La Digital Tax è tornata la scorsa settimana al centro della discussione pubblica nel vecchio continente quando gli esponenti di alcuni paesi hanno confermato la volontà di introdurla entro fine anno anche in caso di mancato accordo con gli Stati Uniti, dopo che da Washington è giunto un brusco stop alle trattative. Oggi un nuovo capitolo delle complicata vicenda: Italia, Francia, Spagna e Gran Bretagna hanno firmato una lettera inviata alcuni giorni fa a Steven Mnuchin, Segretario al Tesoro dell’Amministrazione USA, confermando di voler adottare un “approccio graduale”.
Digital Tax entro l’anno, ma con un approccio graduale
In ballo ci sono i milioni legati all’attività di giganti d’oltreoceano come Google, Facebook, Microsoft, Amazon e così via che ormai da lungo tempo generano profitti all’interno dei singoli paesi europei, versando poi imposte ritenute troppo contenute. C’è bisogno di un nuovo impianto legislativo strutturato in modo da tener conto delle dinamiche che oggigiorno regolano l’ambito Web e il mercato tecnologico.

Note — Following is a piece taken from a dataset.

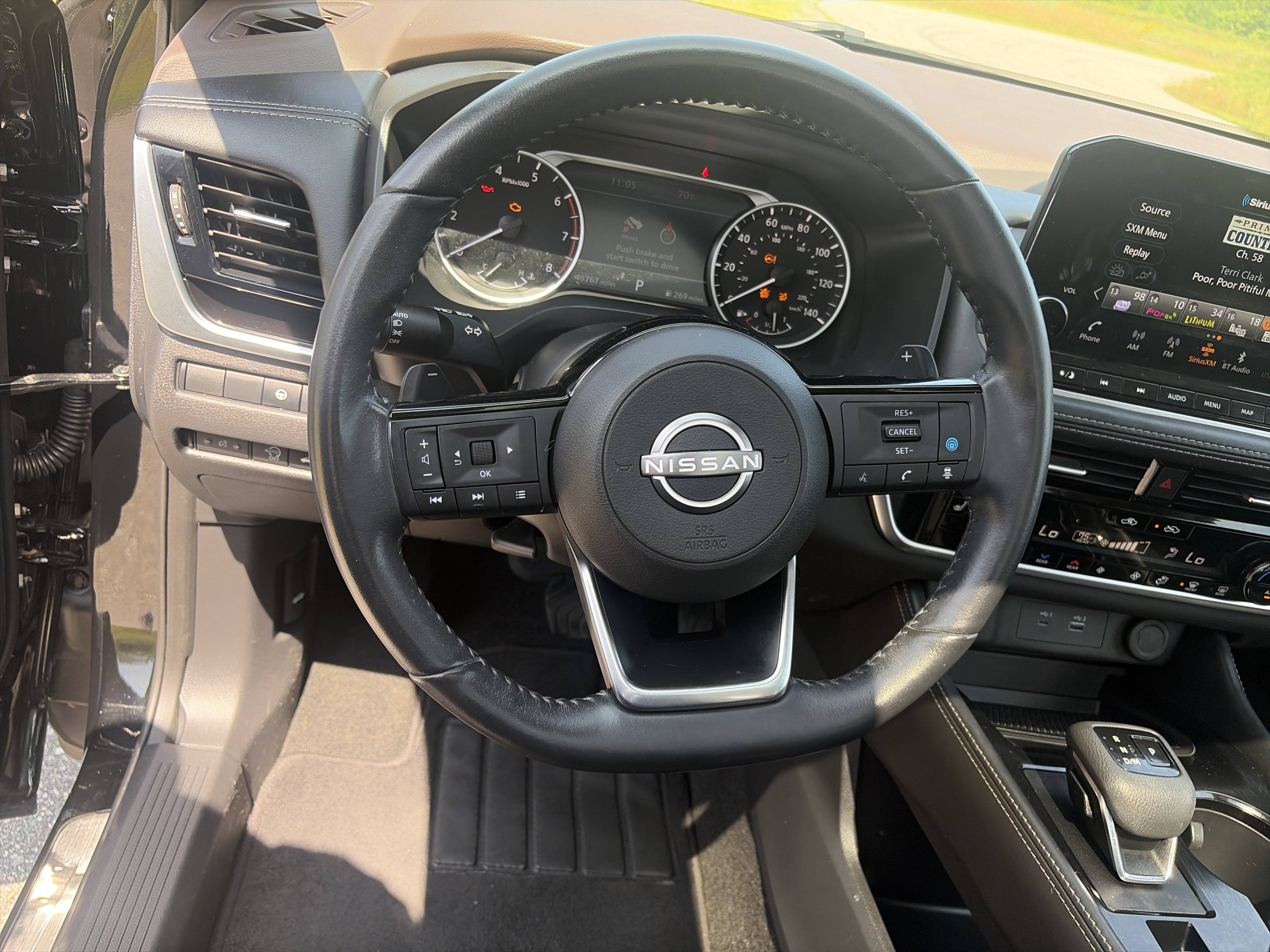Certified 2023 Nissan Rogue SL w/ SL Premium Package AWD/4WD image 25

Crediamo che un approccio graduale, focalizzato inizialmente sui servizi digitali automatizzati, possa condurre a un accordo politico entro quest’anno. Potrebbe inoltre spalancare la strada a possibili soluzioni transitorie da discutere con gli Stati Uniti, in conformità con le tassazioni nazionali esistenti o in arrivo sui servizi digitali.
A tal proposito gli Stati Uniti hanno seguito una linea non sempre coerente, talvolta dichiarandosi disposti a trovare un accordo per poi fare dietrofront, arrivando in alcuni casi addirittura a minacciare l’introduzione di nuovi dazi per colpire alcuni specifici prodotti esportati dai paesi interessati come nel caso dello champagne francese.